Top of Data excerpt

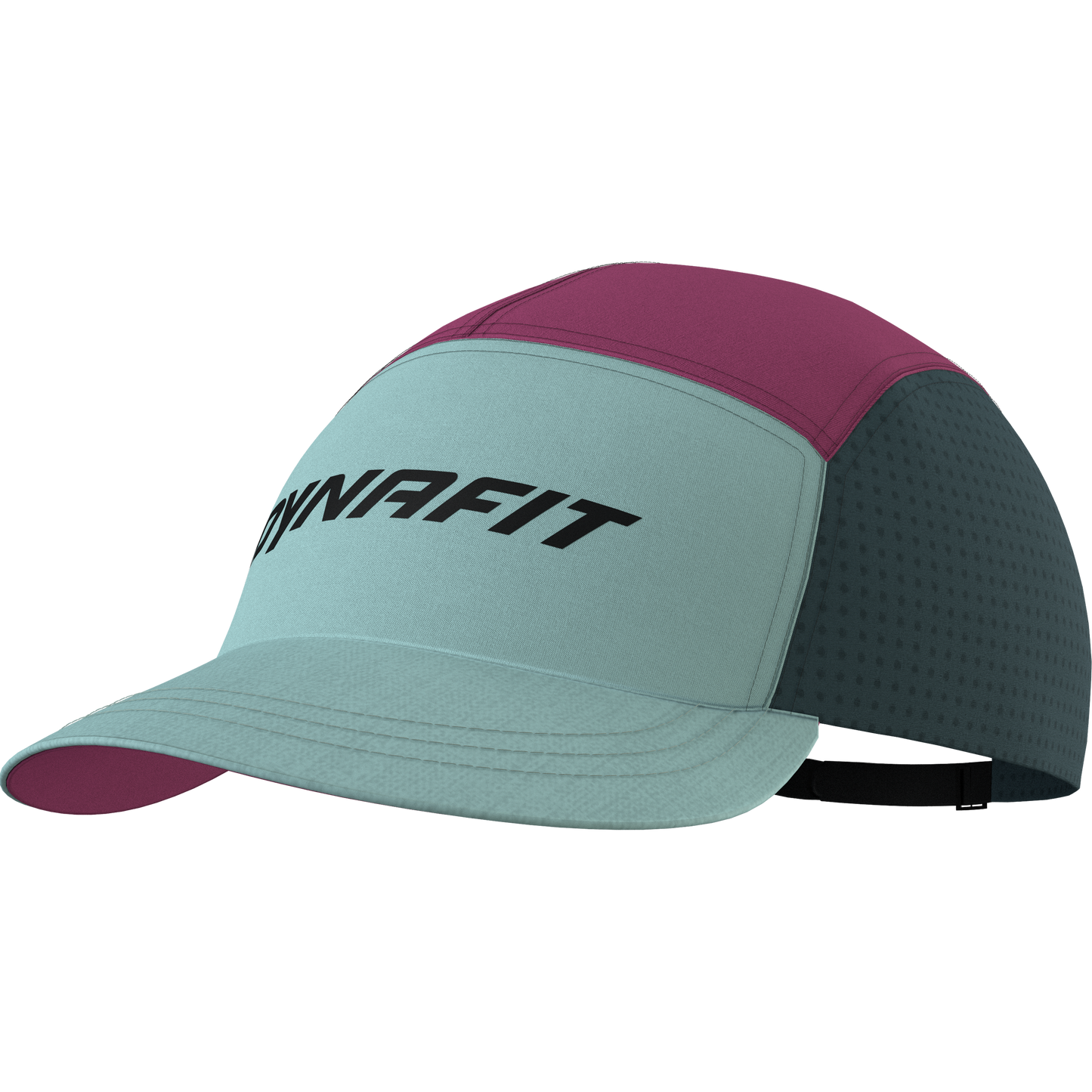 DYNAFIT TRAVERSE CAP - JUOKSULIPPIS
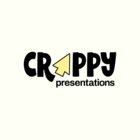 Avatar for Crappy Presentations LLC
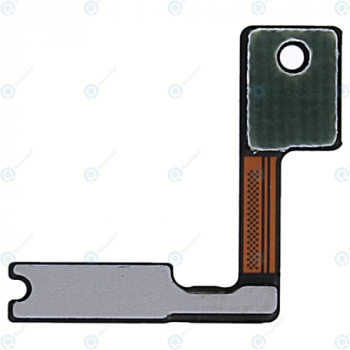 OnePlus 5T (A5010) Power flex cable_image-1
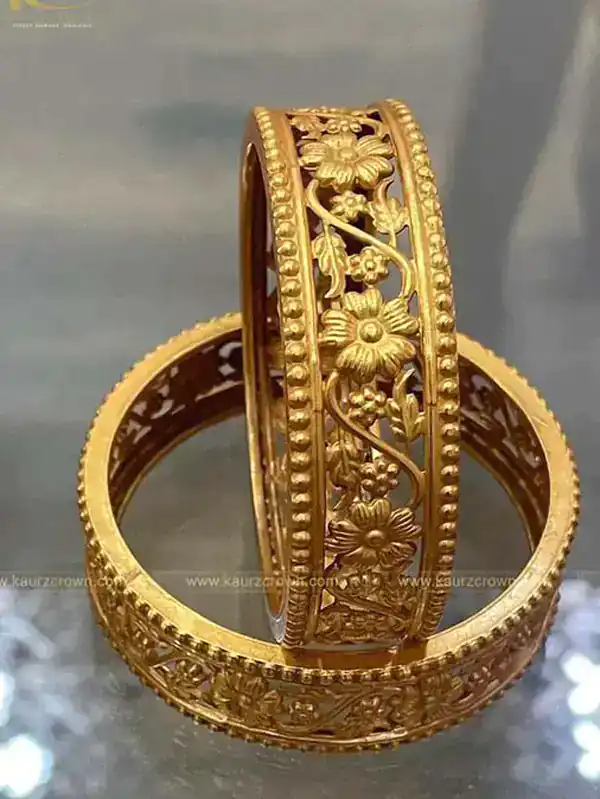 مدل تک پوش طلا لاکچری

Bottom of Data excerpt

* About this task
What you return must match, line for line, the span from the line containing "OnePlus 5T (A5010) Power flex cable_image-1" through the last line of the listing above, with every picture omitted.

* Solution
 OnePlus 5T (A5010) Power flex cable_image-1
 مدل تک پوش طلا لاکچری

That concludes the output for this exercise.